The x402 Foundation is live: AI-native payments just became an industry standard
The Linux Foundation launched the x402 Foundation on July 14, 2026, with Google, Stripe, Visa, Mastercard and Coinbase on board. The protocol Senthor already runs is now a de facto standard. Here is what it changes for anyone who publishes content.
On this page
1. What just happened
For thirty years the web had a payment status code that nobody used. The HTTP 402 Payment Required response was reserved when Tim Berners-Lee designed the protocol, then left dormant because the infrastructure to make it work did not exist. That changed on July 14, 2026, when the Linux Foundation announced the operational launch of the x402 Foundation.
The Foundation is an open, vendor-neutral home for the x402 protocol, the standard that revives HTTP 402 so that a server can ask a client to pay before it serves a resource. The protocol was contributed by Coinbase, but the whole point of moving it under the Linux Foundation is that it no longer belongs to any single company. It belongs to the web.
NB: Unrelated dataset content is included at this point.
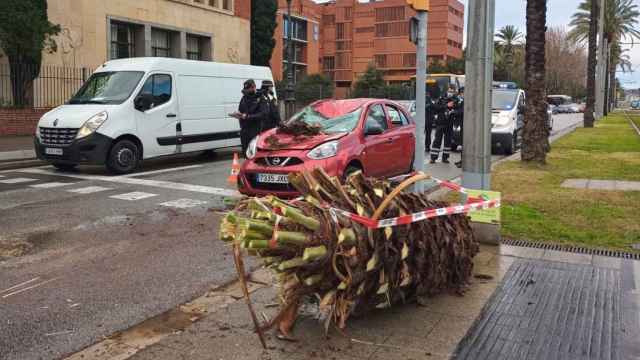 Coche destrozado en la Diagonal tras la caída de una palmera / BETEVÉ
The number that matters: forty organizations joined the Foundation, with seventeen at the Premier tier. When Google, Stripe, Visa, Mastercard, AWS, Coinbase, Circle and Shopify all sit at the same table around one payment standard, it stops being a bet and starts being infrastructure.
2. Who is behind it
The membership list reads like a map of how money moves online. The Premier members include Adyen, AWS, American Express, Circle, Cloudflare, Coinbase, Fiserv, Google, Mastercard, Monad Foundation, MoonPay, Ripple, Shopify, the Solana Foundation, the Stellar Development Foundation, Stripe and Visa.
Two things stand out. First, the card networks and the stablecoin issuers are in the same room, which means x402 is designed to carry both traditional cards and stablecoins without locking you into one rail. Second, the platforms your site already runs on (AWS, Shopify, Google) are committing to it, so the plumbing will be everywhere.
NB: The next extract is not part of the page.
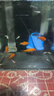森悠（SARYOR）孔雀魚純種觀賞魚小型淡水好養(yǎng)熱帶魚活體斑馬金魚鳳尾魚繁殖 雜袍孔雀魚10條+5條備損 曬單實(shí)拍圖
As Linux Foundation executive director Jim Zemlin framed it, AI agents and automated systems are becoming active participants in the global economy, and they need an open, community-governed standard for payments over HTTP.
3. Why HTTP 402 changes the web
The web was built without a native way to pay. To charge for anything you needed accounts, subscriptions, card forms and a checkout flow. That friction is fine for humans and impossible for machines. An AI agent cannot fill in a signup form or read a pricing page and enter a card number.
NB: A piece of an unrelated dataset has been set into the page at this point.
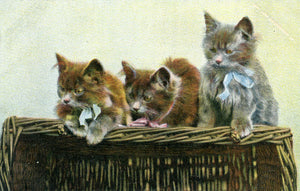 Vintage Cat Postcard, Vintage Kittens Postcard, Vintage Postcard Cats and Kittens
x402 removes that friction. The exchange happens inside a single HTTP interaction: the client requests a resource, the server answers 402 Payment Required with the amount and where to pay, the client pays in stablecoin, and the server serves the content. No signup, no API key, no negotiation. Money moves at the speed of a request.
That is why this launch matters more than a typical standards announcement. AI agents are already the fastest-growing source of traffic on most sites. Until now they consumed your content for free because there was no button for them to press. x402 is that button, and it just became official.
4. What it means for publishers and site owners
If you produce content, data or documentation, the AI economy has spent the last two years extracting value from your work while sending you less and less traffic in return. A standard payment layer flips that equation. You can let machines keep reading, and get paid every time they do.
The practical shift is a move from a binary choice to a spectrum:
| Approach | AI visibility | Revenue |
|---|---|---|
| Do nothing | High | Zero |
| Block everything (robots.txt, WAF) | Low | Zero |
| Charge with x402 | High | Per request |
Blocking keeps AIs out but also keeps you out of the answers your audience increasingly reads. Charging with x402 keeps you in the answers and turns every machine request into a line of revenue. For a deeper look at why blunt blocking rarely pays off, see our piece on bot traffic monetization.
5. Senthor already does this, in euros, without the crypto
Here is the part most publishers miss when they read about a new standard: you do not have to build any of it. Senthor integrated x402 before the Foundation existed, and it handles the one thing that scares non-technical teams away from on-chain payments, which is the crypto.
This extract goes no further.